M31

Contact

Julianne Dalcanton
University of Washington

Summary

This program targets regions in M31 where the underlying physical properties are well-constrained from resolved stellar population analyses with the Hubble Space Telescope. Observations include 18 regions (~50-100 pc in size) with a wide range of local properties, including recent star formation, dust content, and metallicity.

Finding Targets

An object whose MANGA_TARGET3 or MNGTARG3 value includes one or more of the bitmasks in the following table was targeted for spectroscopy as part of this ancillary target program. See SDSS bitmasks to learn how to use these values to identify objects in this ancillary target program.

Program (bit name) Bit number Target Description
M31 21 M31 targets

Description

The observations consist of two plates: Plate 9677, where IFUs target inner regions (radii less than ~10kpc) with high surface brightness, and Plate 9678, where IFUs target lower surface brightness regions in the outer disk.

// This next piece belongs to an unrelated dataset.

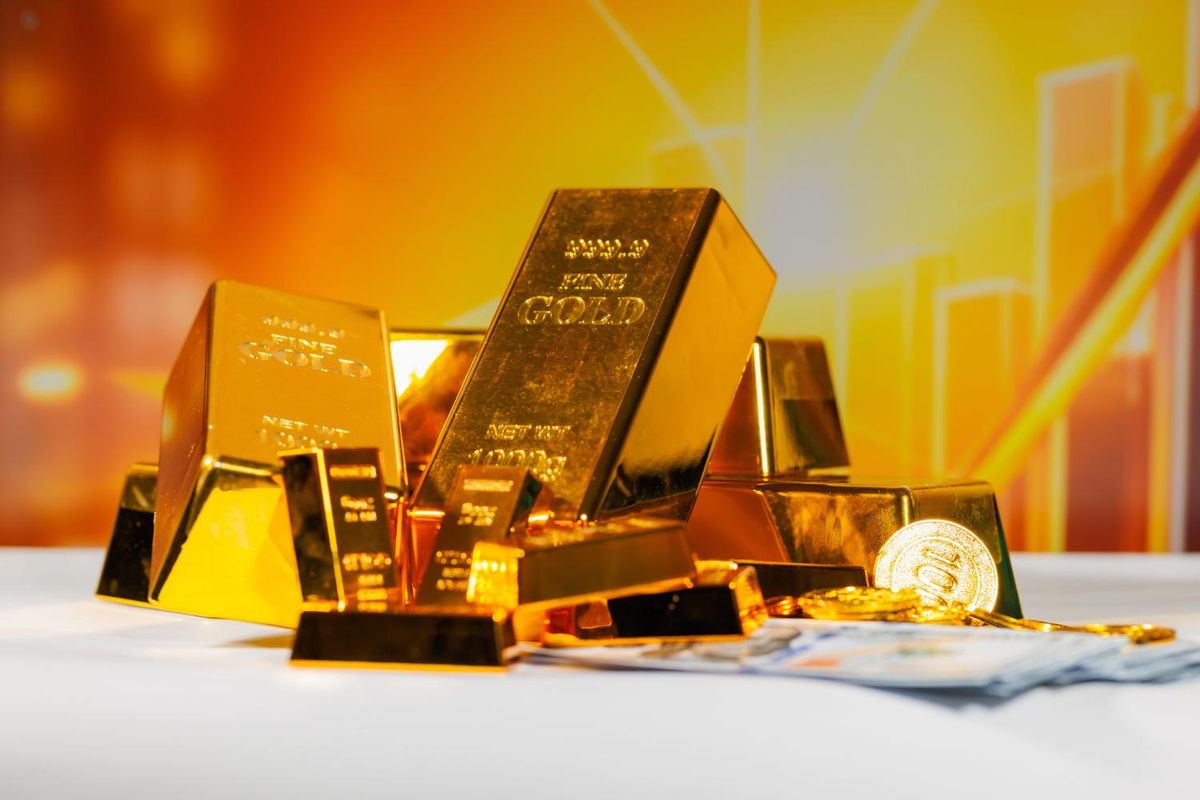 Gold bars, coins and currency on a table with a warm background.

The 18 total “science” IFU observations include regions with varying ancient and recent star formation history (SFH), dust column, dust geometry, and metallicity. IFUs also targeted HII regions, regions with variable stellar density, and regions with complimentary HST narrow band observations. Sky fibers were used to target star clusters.

The scientific purpose of these observations is to assess the ability of of SED fitting codes to recover key astrophysical quantities from integrated light, using the tight constraints on physical properties provided by the Panchromatic Hubble Andromeda Treasury (PHAT; Dalcanton et al., 2012).

The large angular extent of M31 necessitated numerous changes to the observing strategy and to the MaNGA DRP. We were able to repurpose the DRP modifications designed for the Coma cluster program (Gu et al. 2018) for the data reduction of the M31 plates. The M31 observations should not be used in standard analyses of the MaNGA sample.

A 127-fiber MaNGA IFU on a star forming region. The three small panels show the star formation rate (on 10 Myr timescales), left, and the dust column, middle, both derived from the resolved stellar populations; the narrowband H-alpha emission (right) is an ancillary dataset. Bursty star formation is notoriously difficult to recover from the integrated light; with the PHAT+MaNGA dataset we can assess this recovery in regions with relatively little dust and where dust extinction is extreme (as may be common in sites of recent, intense, star formation).